Nasa researchers believe that drilling into the base of one of the most dangerous supervolcanoes in the world, which is underneath Yellowstone National Park, could be the solution. High-pressure water jets would be pumped in to cool it down, releasing heat from the magma chamber and preventing it exploding.

However, drilling into a supervolcano has many potential dangers, says Brian Wilcox of Nasa’s Jet Propulsion Laboratory (JPL) at the California Institute of Technology.

“If you drill into the top of the magma chamber and try and cool it from there, this would be very risky,” he told the BBC.
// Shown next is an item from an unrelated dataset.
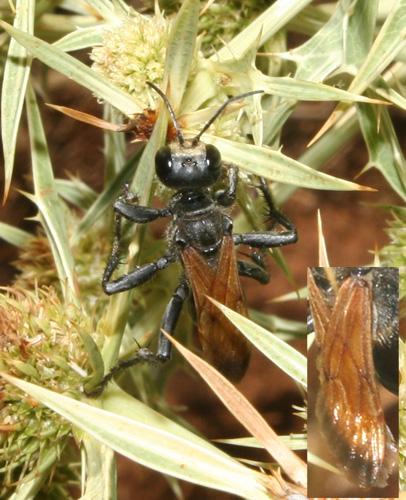 Prionyx subfuscatus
“This could make the cap over the magma chamber more brittle and prone to fracture. And you might trigger the release of harmful volatile gases in the magma at the top of the chamber which would otherwise not be released.”

Mr Wilcox said he believes “the supervolcano threat is substantially greater than the asteroid or comet threat.”

A supervolcano eruption could cause long-term effects to the planet, including worldwide starvation and the release of massive amounts of sulphur dioxide into the atmosphere. The United Nations estimated that global food reserves would last just 74 days.

The biggest fear for volcanologists is wind-blown ash. “People who live upwind from eruptions need to be concerned about the big ones,” said Larry Mastin, a USGS volcanologist.

Large eruptions give rise to umbrella clouds that push ash upwind and potentially over half the continent, Mr Mastin said in a Live Science report.

Major eruptions happen on average once every 100,000 years. The most recent supervolcanic eruption on the planet occurred 27,000 years ago at Taupo located at the midpoint of New Zealand’s north island.

The US Geological Survey’s website states that Yellowstone will be eruption-free for centuries. However, Yellowstone explodes approximately on a 600,000 year cycle, says Mr Wilcox and “it is about 600,000 years since it last exploded.”

Nasa’s plan is to drill around 10km into Yellowstone and pump in water which would be slowly extracted. The cost of the project is in the region of £2.69bn. In future, a geothermal plant could be built, generating electric power.